**THE PROBLEM:** Transcribe the data exactly, pictures excluded.
-------- DATA SEGMENT
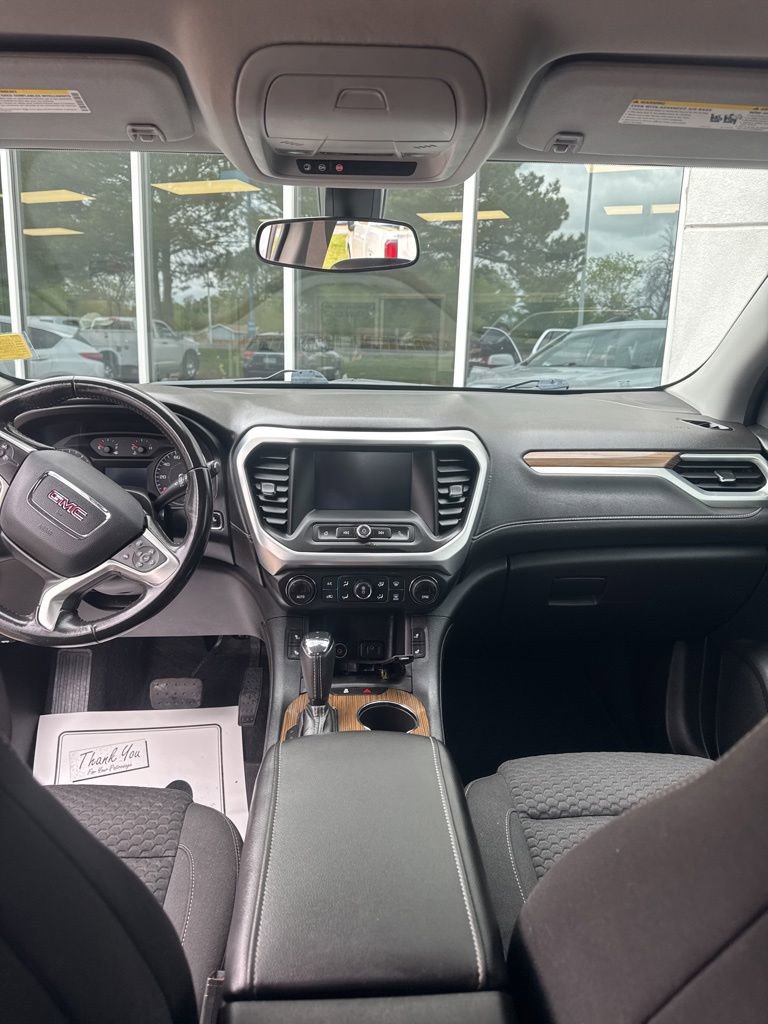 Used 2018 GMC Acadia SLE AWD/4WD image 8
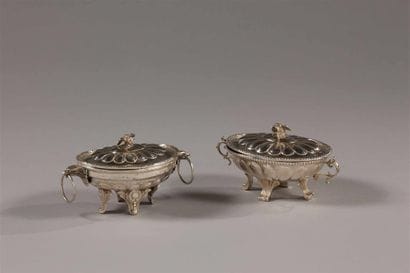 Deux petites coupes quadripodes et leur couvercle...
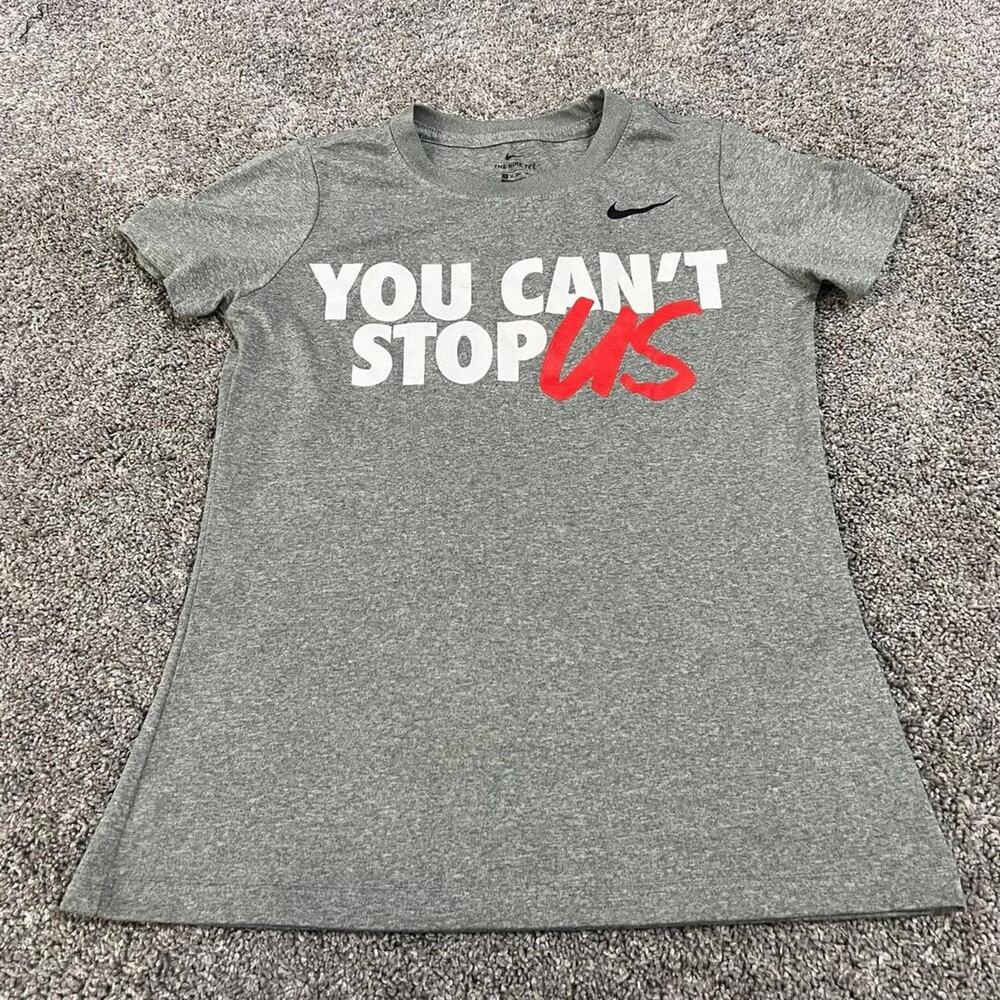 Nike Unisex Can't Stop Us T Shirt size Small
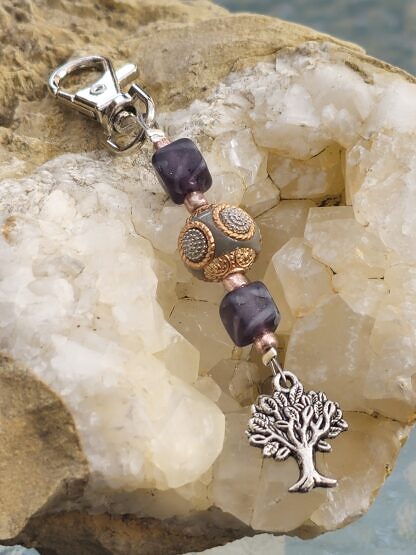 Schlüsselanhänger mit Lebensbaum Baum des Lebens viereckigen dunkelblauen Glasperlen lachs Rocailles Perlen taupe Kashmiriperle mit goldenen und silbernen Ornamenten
----------------
**RESPONSE:**
 Used 2018 GMC Acadia SLE AWD/4WD image 8
 Deux petites coupes quadripodes et leur couvercle...
 Nike Unisex Can't Stop Us T Shirt size Small
 Schlüsselanhänger mit Lebensbaum Baum des Lebens viereckigen dunkelblauen Glasperlen lachs Rocailles Perlen taupe Kashmiriperle mit goldenen und silbernen Ornamenten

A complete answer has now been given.